Comment faire du neuf avec du vieux ?
Voilà nos deux compères en pleine discussion et je les laisse quelques temps 'tailler une bavette' avant ….. que de leur tailler les racines ;
juste histoire de mettre un peu de tabac dans ma pipe. Après tout, ils en ont des choses à se raconter...
Autre point à ne pas négliger, prendre son temps avant de sortir l'artillerie (je veux parler des pinces, concaves, obliques, à racines et autres outils contendants, comme on dit dans la gendarmerie).
A ce stade,
il faut déjà avoir une idée de la forme que vous allez donner à tout ce petit monde et la coupe de certaines racines devra s'accorder à cette future orientation.
Ne pas trop en supprimer,
pour en avoir suffisamment afin d'assurer la reprise de l'arbre. Comme je l'avais évoqué précédemment, j'ai décidé de 'marier' ces deux arbres et l'apparence des racines telles qu'elles se présentent après le 'décapage' semble favorable à un rapprochement des deux troncs. De telle sorte qu'après avoir éradiqué des racines d'un seul côté du tronc, on puisse réellement les 'souder' sans que l'on devine qu'il s'agisse de deux arbres ayant vécu séparés.
C'est ça l'amour chez les plantes !
Vivre une trentaine d'années à des lieues l'une de l'autre; être embarquées un beau - ou un triste matin - dans un sordide container à destination d'un pays inconnu - le nôtre en l'occurrence -; et un beau jour, la providence agissant selon sa guise, les réunir pour l'éternité chez un modeste éleveur de bonsaï - votre humble serviteur - qui aura ainsi contribué au bonheur de deux êtres que tout devait garder éloignés l'un de l'autre.
J'en ai les larmes aux yeux … (sortez les mouchoirs, NDLR)



      

C'est parti, on commence à faire le ménage.
Une fois les arbres réunis à la base, après êtres sûr de les avoir correctement placés, en ayant essayé toutes les combinaisons possibles (cela peut jouer à quelques centimètres), je pense avoir enfin trouvé un départ des troncs ayant
suffisamment de caractère pour donner au futur travail ce mouvement que j'avais imaginé en les réunissant.
Les deux troncs - et c'est toujours une histoire d'amour - après une fusion à la base s'éloignent l'un de l'autre pour se rapprocher à nouveau, sans se toucher néanmoins ; le tout devant évoquer une danse et une élévation
puisqu'un arbre par principe est aspiré par le ciel.
La difficulté, lorsque vous commencez à éliminer l'excès de branches et de ne pas perdre le rythme que vous voulez donner à tout ça.
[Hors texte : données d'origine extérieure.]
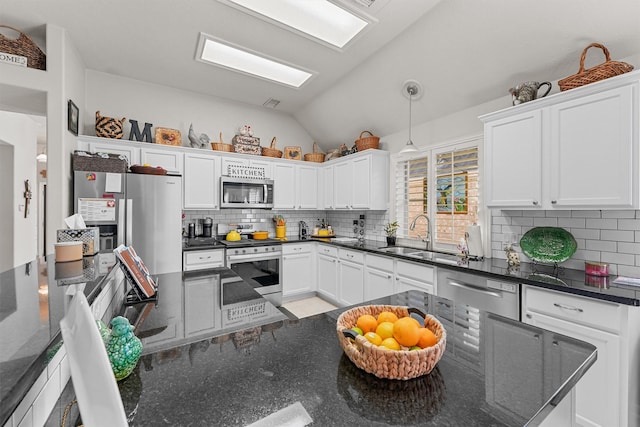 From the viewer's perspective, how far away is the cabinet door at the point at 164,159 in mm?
3500

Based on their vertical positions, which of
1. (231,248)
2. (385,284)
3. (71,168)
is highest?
(71,168)

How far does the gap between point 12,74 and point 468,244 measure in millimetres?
4475

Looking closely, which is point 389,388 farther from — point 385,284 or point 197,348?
point 385,284

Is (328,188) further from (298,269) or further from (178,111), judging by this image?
(178,111)

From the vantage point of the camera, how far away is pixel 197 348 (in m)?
0.94

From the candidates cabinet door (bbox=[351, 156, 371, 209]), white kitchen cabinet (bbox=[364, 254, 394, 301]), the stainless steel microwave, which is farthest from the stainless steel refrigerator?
cabinet door (bbox=[351, 156, 371, 209])

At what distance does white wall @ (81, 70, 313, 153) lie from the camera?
352cm

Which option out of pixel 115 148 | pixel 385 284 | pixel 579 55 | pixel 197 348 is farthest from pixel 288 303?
pixel 579 55

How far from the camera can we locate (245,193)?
13.5 ft

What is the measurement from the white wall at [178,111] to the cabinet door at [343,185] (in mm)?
1170

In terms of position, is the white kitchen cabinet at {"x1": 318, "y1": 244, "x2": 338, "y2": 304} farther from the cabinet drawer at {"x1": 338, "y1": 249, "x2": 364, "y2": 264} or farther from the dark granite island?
the dark granite island

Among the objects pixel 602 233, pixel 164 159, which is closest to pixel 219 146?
pixel 164 159

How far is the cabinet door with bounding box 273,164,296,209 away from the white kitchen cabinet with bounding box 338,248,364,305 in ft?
4.02

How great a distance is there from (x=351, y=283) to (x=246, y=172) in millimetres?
2234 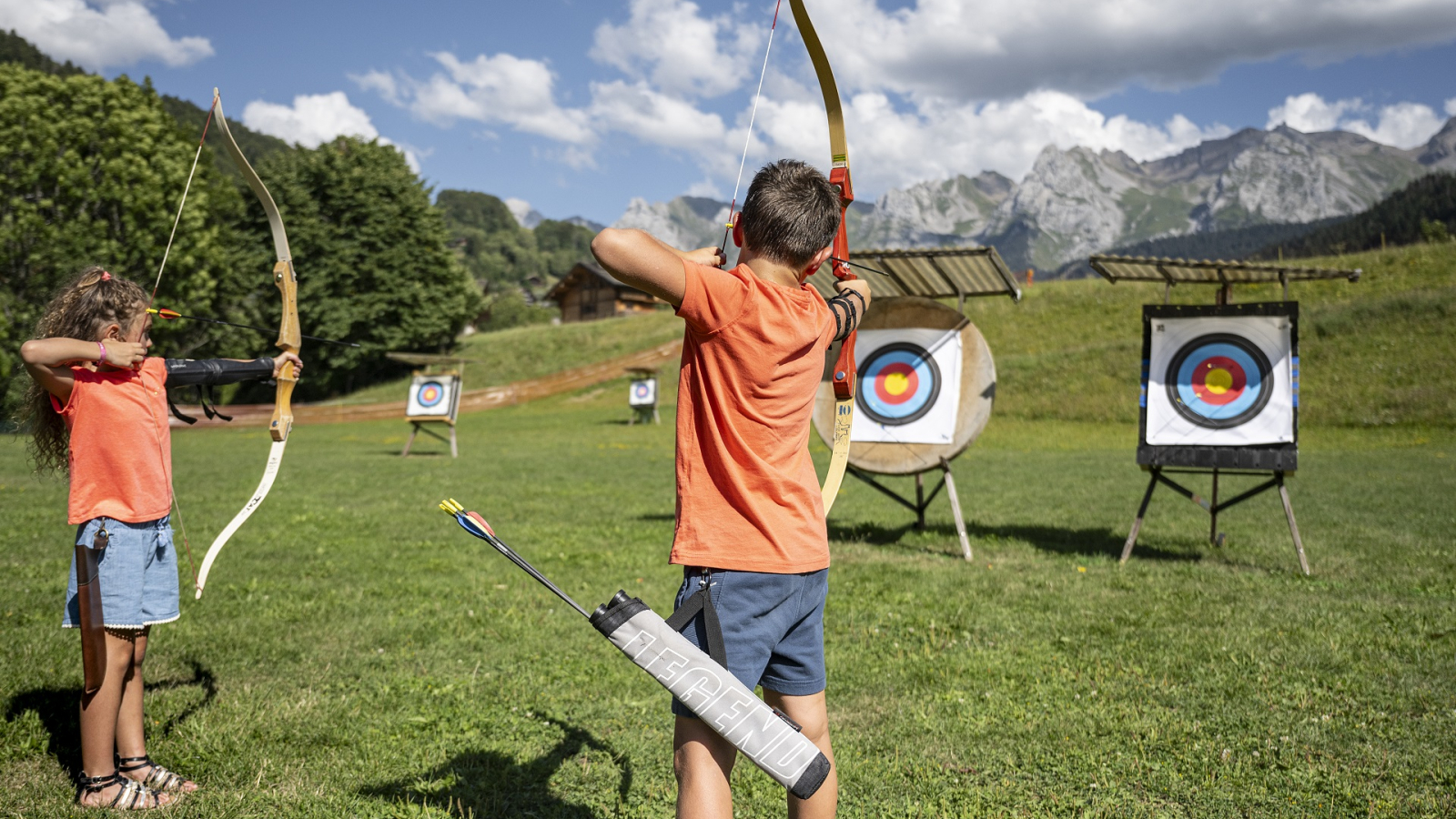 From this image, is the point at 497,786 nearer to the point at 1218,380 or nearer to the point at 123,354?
the point at 123,354

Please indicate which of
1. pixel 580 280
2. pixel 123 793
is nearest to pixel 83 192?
pixel 123 793

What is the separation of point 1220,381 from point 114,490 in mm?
7600

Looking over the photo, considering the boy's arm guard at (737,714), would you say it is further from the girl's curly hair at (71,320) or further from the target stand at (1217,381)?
the target stand at (1217,381)

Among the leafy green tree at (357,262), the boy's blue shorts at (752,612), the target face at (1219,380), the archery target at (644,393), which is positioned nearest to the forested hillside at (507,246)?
the leafy green tree at (357,262)

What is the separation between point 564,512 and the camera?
31.3 ft

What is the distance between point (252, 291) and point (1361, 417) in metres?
36.5

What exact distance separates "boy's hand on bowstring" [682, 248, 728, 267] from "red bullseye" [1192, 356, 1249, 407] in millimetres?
6449

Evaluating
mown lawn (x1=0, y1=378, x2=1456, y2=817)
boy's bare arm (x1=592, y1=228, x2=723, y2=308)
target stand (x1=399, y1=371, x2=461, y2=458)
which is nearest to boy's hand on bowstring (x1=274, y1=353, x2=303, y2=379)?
mown lawn (x1=0, y1=378, x2=1456, y2=817)

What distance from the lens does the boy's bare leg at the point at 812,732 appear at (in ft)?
6.91

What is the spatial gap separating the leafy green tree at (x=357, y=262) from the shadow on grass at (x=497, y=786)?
35876 millimetres

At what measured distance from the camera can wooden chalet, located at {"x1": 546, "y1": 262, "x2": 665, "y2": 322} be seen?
56562mm

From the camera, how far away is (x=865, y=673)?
427 centimetres

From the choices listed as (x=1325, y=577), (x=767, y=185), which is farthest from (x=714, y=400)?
(x=1325, y=577)

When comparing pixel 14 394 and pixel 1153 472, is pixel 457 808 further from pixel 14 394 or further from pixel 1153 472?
pixel 1153 472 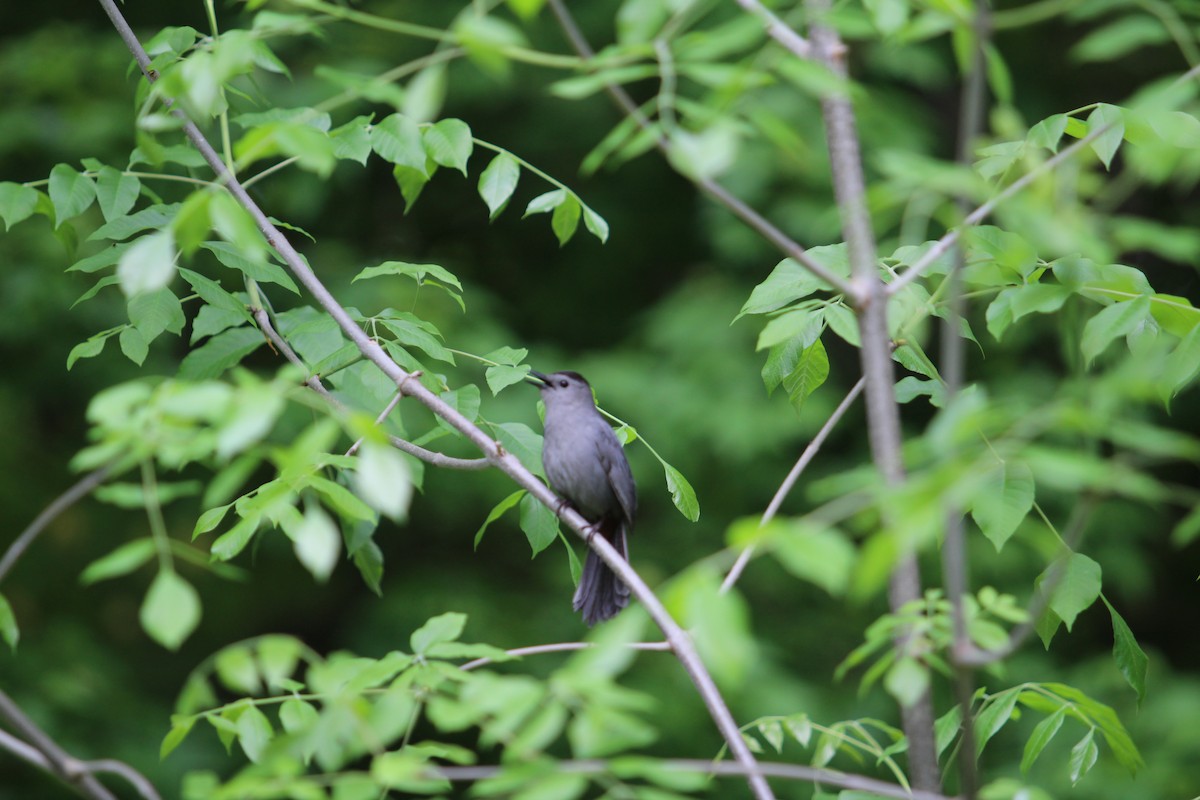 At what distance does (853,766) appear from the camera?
26.4ft

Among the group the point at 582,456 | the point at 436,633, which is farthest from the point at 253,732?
the point at 582,456

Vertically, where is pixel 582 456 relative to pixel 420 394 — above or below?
below

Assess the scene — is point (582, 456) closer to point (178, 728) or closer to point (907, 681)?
point (178, 728)


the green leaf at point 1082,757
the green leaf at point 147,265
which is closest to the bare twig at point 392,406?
the green leaf at point 147,265

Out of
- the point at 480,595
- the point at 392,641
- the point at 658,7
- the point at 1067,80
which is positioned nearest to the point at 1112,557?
the point at 1067,80

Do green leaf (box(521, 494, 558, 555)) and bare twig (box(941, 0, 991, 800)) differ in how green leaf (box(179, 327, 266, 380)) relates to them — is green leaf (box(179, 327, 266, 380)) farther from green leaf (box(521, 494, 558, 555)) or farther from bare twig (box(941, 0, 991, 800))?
bare twig (box(941, 0, 991, 800))

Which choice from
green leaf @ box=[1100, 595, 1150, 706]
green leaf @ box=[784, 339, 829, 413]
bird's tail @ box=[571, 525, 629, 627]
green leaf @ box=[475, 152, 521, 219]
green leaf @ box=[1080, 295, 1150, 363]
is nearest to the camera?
green leaf @ box=[1080, 295, 1150, 363]

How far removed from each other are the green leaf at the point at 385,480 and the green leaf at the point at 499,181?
1238 millimetres

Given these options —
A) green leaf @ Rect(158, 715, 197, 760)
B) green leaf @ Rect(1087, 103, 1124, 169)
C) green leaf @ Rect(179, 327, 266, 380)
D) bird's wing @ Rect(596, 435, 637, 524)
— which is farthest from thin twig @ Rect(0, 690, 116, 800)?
bird's wing @ Rect(596, 435, 637, 524)

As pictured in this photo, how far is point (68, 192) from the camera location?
2604 mm

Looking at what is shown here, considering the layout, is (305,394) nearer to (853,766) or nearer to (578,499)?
(578,499)

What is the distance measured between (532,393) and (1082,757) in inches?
213

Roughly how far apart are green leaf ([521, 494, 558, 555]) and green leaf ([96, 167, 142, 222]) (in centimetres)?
113

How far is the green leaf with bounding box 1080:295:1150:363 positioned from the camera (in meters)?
2.26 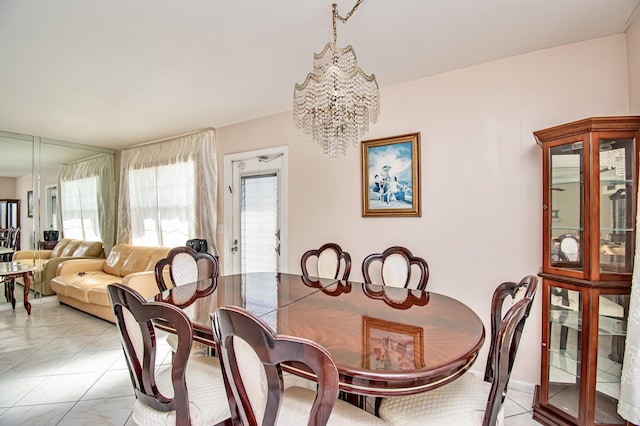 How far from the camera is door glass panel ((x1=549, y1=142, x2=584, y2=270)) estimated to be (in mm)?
1723

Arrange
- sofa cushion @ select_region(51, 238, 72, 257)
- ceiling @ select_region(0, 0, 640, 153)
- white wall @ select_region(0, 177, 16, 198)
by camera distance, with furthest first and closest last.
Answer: sofa cushion @ select_region(51, 238, 72, 257), white wall @ select_region(0, 177, 16, 198), ceiling @ select_region(0, 0, 640, 153)

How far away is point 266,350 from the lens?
81cm

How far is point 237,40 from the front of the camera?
6.56 feet

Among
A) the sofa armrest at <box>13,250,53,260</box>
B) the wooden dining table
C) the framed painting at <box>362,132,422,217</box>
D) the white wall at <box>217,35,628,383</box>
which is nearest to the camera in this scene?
the wooden dining table

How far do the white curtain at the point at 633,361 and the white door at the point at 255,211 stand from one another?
2.72 m

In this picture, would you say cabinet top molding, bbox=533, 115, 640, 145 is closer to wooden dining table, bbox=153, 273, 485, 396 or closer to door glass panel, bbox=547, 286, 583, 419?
door glass panel, bbox=547, 286, 583, 419

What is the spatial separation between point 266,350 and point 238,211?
3153 mm

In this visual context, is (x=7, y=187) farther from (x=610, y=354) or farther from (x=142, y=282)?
(x=610, y=354)

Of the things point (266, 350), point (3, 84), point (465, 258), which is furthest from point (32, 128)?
point (465, 258)

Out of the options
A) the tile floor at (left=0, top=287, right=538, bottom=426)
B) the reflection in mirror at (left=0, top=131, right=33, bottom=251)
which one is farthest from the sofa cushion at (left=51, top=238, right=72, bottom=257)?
the tile floor at (left=0, top=287, right=538, bottom=426)

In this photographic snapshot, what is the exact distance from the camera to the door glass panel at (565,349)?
1.72m

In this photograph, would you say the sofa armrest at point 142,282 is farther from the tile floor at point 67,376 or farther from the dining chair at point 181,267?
the dining chair at point 181,267

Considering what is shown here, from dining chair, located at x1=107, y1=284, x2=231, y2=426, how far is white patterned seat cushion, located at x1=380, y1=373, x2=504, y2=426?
723 millimetres

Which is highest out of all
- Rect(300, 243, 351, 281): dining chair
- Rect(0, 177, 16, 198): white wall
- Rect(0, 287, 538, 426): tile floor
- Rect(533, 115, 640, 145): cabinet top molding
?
Rect(533, 115, 640, 145): cabinet top molding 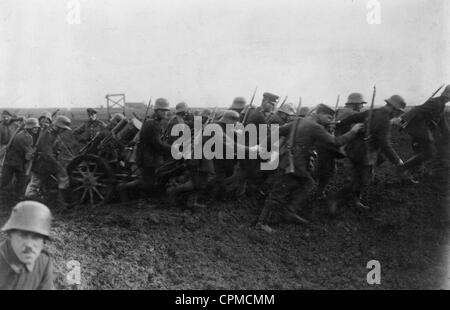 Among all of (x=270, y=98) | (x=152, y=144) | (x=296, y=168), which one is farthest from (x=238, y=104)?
(x=296, y=168)

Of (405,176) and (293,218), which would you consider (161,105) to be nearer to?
(293,218)

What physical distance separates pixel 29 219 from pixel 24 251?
0.23 metres

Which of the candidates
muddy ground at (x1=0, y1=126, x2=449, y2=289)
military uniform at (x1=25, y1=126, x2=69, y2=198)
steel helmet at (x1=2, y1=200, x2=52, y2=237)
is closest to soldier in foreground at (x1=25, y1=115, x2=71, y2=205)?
military uniform at (x1=25, y1=126, x2=69, y2=198)

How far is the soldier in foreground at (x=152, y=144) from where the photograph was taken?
7.02m

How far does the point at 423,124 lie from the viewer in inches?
302

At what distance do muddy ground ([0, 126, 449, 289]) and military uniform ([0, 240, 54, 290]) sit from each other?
147 centimetres

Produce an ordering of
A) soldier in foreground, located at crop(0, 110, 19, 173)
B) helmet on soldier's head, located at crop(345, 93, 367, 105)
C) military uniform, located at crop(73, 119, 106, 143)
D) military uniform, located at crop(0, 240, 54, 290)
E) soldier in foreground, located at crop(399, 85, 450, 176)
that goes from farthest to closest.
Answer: soldier in foreground, located at crop(0, 110, 19, 173) < military uniform, located at crop(73, 119, 106, 143) < helmet on soldier's head, located at crop(345, 93, 367, 105) < soldier in foreground, located at crop(399, 85, 450, 176) < military uniform, located at crop(0, 240, 54, 290)

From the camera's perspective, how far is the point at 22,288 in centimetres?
320

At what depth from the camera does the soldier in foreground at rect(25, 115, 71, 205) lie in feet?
23.2

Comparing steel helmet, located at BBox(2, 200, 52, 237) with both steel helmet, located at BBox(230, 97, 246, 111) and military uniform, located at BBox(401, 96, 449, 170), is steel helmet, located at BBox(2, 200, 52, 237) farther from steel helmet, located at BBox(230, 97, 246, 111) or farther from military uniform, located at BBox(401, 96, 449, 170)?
military uniform, located at BBox(401, 96, 449, 170)

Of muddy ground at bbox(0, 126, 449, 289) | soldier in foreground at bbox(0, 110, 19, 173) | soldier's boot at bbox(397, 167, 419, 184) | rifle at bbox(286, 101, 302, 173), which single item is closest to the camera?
muddy ground at bbox(0, 126, 449, 289)

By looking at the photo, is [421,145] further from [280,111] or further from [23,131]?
[23,131] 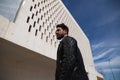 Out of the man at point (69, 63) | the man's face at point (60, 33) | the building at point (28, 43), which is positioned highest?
the building at point (28, 43)

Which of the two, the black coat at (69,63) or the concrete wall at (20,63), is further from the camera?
the concrete wall at (20,63)

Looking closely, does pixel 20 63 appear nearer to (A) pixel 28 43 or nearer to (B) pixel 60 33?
(A) pixel 28 43

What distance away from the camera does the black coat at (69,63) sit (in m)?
1.58

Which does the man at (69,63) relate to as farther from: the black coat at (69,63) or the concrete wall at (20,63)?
the concrete wall at (20,63)

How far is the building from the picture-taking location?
4.26 meters

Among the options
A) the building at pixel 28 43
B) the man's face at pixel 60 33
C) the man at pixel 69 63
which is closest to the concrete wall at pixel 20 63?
the building at pixel 28 43

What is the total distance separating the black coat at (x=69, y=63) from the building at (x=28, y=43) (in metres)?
2.81

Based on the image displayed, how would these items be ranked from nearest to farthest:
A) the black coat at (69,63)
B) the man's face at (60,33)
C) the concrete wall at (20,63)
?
1. the black coat at (69,63)
2. the man's face at (60,33)
3. the concrete wall at (20,63)

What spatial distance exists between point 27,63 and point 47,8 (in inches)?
153

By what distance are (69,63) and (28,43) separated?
3.48 meters

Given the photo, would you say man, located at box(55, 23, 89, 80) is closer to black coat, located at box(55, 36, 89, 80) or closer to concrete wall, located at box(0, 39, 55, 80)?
black coat, located at box(55, 36, 89, 80)

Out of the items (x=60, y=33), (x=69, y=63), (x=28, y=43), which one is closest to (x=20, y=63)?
(x=28, y=43)

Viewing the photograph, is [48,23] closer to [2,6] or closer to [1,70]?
[2,6]

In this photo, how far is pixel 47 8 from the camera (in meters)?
7.71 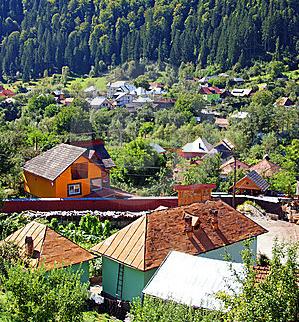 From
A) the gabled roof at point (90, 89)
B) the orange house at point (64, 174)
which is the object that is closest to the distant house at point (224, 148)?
the orange house at point (64, 174)

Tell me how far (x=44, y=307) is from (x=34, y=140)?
2716 cm

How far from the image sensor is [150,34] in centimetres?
8869

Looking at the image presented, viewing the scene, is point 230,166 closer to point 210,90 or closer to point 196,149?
point 196,149

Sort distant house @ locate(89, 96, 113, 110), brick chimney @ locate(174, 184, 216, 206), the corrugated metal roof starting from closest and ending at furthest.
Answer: the corrugated metal roof, brick chimney @ locate(174, 184, 216, 206), distant house @ locate(89, 96, 113, 110)

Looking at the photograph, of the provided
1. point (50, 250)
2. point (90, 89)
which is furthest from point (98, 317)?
point (90, 89)

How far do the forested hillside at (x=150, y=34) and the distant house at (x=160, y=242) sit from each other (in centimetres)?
6363

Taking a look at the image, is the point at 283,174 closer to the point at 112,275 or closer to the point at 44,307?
the point at 112,275

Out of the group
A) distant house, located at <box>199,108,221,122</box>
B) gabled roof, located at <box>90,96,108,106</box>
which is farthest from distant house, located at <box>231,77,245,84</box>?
gabled roof, located at <box>90,96,108,106</box>

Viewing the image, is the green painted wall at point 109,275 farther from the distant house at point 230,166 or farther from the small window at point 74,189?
the distant house at point 230,166

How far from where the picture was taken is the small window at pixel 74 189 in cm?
2633

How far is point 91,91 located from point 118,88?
11.1 ft

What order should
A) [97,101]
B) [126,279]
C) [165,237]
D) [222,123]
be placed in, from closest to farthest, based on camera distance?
[126,279]
[165,237]
[222,123]
[97,101]

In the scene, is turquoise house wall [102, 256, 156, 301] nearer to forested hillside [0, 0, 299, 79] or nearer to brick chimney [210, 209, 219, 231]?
brick chimney [210, 209, 219, 231]

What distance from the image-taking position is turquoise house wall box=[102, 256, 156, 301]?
47.3 ft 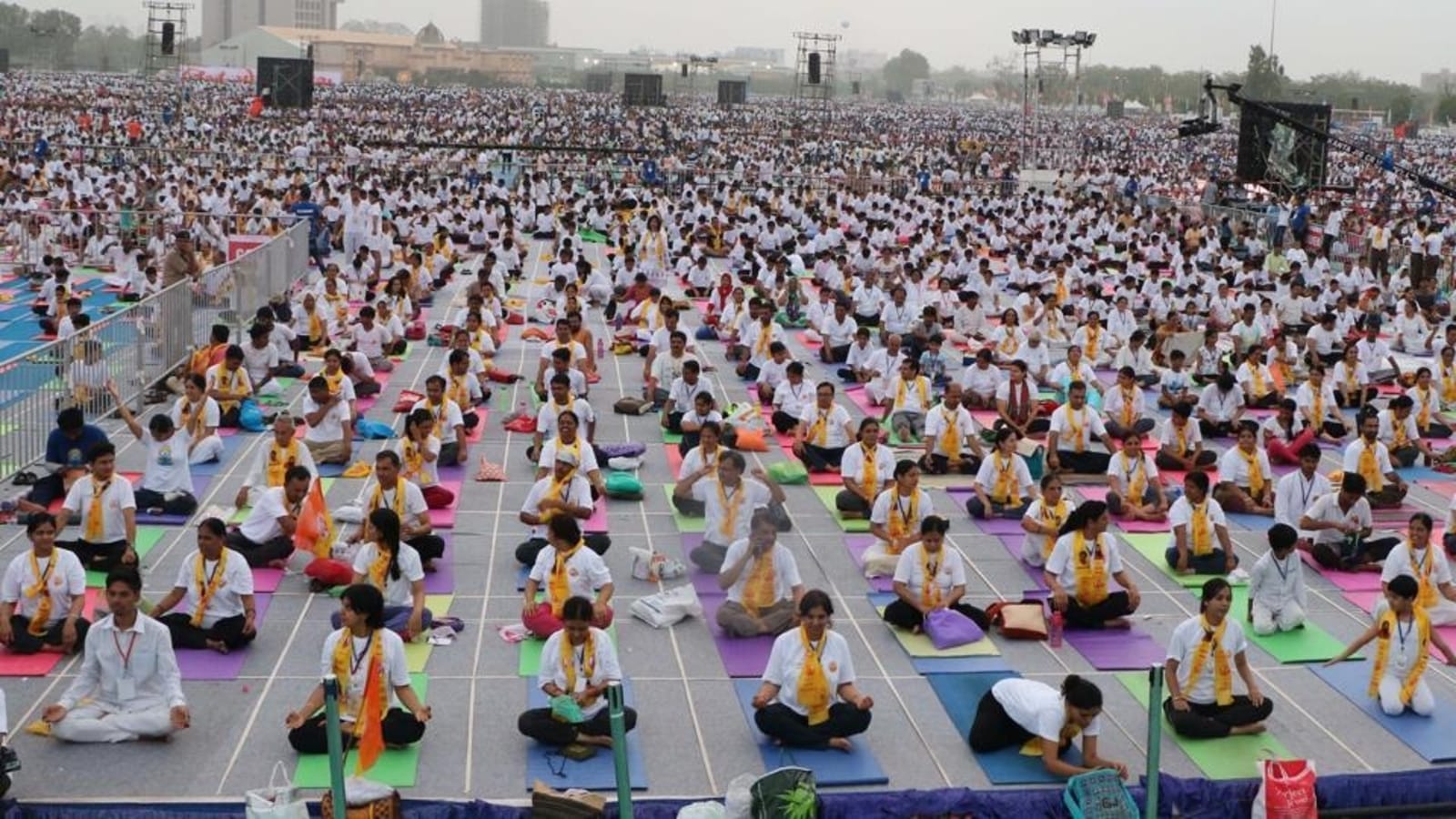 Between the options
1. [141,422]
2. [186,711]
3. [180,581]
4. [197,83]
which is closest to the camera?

Il faut avoir une vision globale de votre travail, ne pas hésiter à s'interrompre de temps en temps et s'éloigner de plusieurs mètres pour voir l'ensemble. Regarder de tous les côtés, ne pas créer de grands vides regrettables, mais avoir malgré tout de la transparence.
Il faut voir à travers l'arbre pour y découvrir des paysages imaginaires, le plein et le vide, jouer avec ces deux supports de la création. Cela vient avec l'expérience.

Quelques grosses coupes ont été effectuées afin de dégager la ligne du tronc et de ressortir la cime des arbres. On commence à deviner la forme. Plus des ¾ des branches ont été éliminées.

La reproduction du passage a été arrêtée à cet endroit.